Things To Improve

TODO

PXE and iPXE

For this combination of gear, PXE and iPXE booting leaves a lot to be desired. At the start of each lab, it takes something like 30 seconds to initialize PXE and to chain boot into iPXE. iPXE then takes about 30 seconds to configure. A 1 minute delay to boot nodes that start in less than a minute sucks.

So why even use network booting? It boils down to solving the “moment 0” node bootstrapping problems.

Hardware

Let’s ignore virtual machines for a moment. We have the issue of needing to boot our cheap gear with a Talos disk image OR a hypervisor disk image depending on the lab being launched. There are limitations at hand as we noodle on how to approach this. The biggest constraint is identifying which Linux distribution to boot (Debian for hypervisor or Talos for baremetal) early enough in the boot process. For enterprise systems, this would be a pretty trivial issue. We would use IPMI capabilities available in an out-of-band management network to boot the machine from whichever disk image we want. I confirmed that Talos boots fine from a USB drive (either physical or virtually connected) and the Debian hypervisor is already a live image, so that part is easy enough.

… but these aren’t enterprise systems. They are cheap, commodity, near-garbage systems because we do things the hard way in Labinator (and frankly, not every home labber or company wants to invest in the cost and infrastructure of IPMI-enabled gear). So with IPMI out, what is left?

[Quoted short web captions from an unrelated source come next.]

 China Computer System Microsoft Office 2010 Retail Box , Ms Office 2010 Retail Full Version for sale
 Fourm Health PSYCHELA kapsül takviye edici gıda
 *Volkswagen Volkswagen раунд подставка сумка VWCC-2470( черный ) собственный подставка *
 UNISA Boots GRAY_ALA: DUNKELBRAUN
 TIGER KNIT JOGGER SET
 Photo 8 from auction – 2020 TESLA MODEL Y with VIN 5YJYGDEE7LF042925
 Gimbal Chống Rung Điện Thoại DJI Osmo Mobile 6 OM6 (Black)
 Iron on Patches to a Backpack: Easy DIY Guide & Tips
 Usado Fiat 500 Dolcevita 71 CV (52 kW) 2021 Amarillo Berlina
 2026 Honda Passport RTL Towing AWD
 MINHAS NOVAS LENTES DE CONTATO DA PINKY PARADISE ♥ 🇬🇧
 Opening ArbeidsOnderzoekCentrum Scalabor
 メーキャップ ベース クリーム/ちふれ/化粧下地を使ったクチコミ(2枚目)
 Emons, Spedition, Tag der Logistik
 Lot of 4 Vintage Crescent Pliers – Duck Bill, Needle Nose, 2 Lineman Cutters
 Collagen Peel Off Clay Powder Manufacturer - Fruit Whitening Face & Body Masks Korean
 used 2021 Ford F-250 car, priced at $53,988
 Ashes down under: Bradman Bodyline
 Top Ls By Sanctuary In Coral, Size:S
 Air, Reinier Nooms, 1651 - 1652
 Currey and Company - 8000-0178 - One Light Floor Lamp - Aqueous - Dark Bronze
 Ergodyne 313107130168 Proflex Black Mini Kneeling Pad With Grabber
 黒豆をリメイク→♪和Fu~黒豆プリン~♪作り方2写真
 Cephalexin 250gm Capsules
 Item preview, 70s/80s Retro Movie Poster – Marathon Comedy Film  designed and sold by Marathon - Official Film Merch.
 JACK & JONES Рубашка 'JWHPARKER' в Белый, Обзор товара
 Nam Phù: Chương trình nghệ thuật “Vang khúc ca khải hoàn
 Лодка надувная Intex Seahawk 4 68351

We could create a custom bootloader on a USB drive attached to the boxes. In theory it would not be especially hard - build a very very very small Linux disk image with both OS images baked into it. GRUB makes this trivial to do such that we could install a GRUB config on a USB drive that supports booting from one of the two (or more) options. Seems like a tidy solution, but at what cost? We need to immediately worry about the resilience of the USB drives attached to the USB ports. USB keys are notorious for being shoddy and unreliable. While there are tougher models out there, Labinator is built on the principle of cheap, commodity hardware - so I wouldn’t invest a ton of time into researching USB keys for resilience (I have already, actually, but just not for Labinator - cheap SDXC micro SD cards with a USB adapter can be pretty good). But we also have the question of how much of a PITA this would be, and how we maintain the content (you ARE updating your base images regularly… right?!) of the physically attached media. This adds some requirements to our mini bootloader. The bootloader would ALSO, somehow, need to determine which image it should boot from some command and control server (like labwatch). There are creative solutions out there, but we also want to stick to enterprise-like capabilities. So we need a reliable, modifiable, network-manageable bootloader that doesn’t introduce much of a maintenance burden.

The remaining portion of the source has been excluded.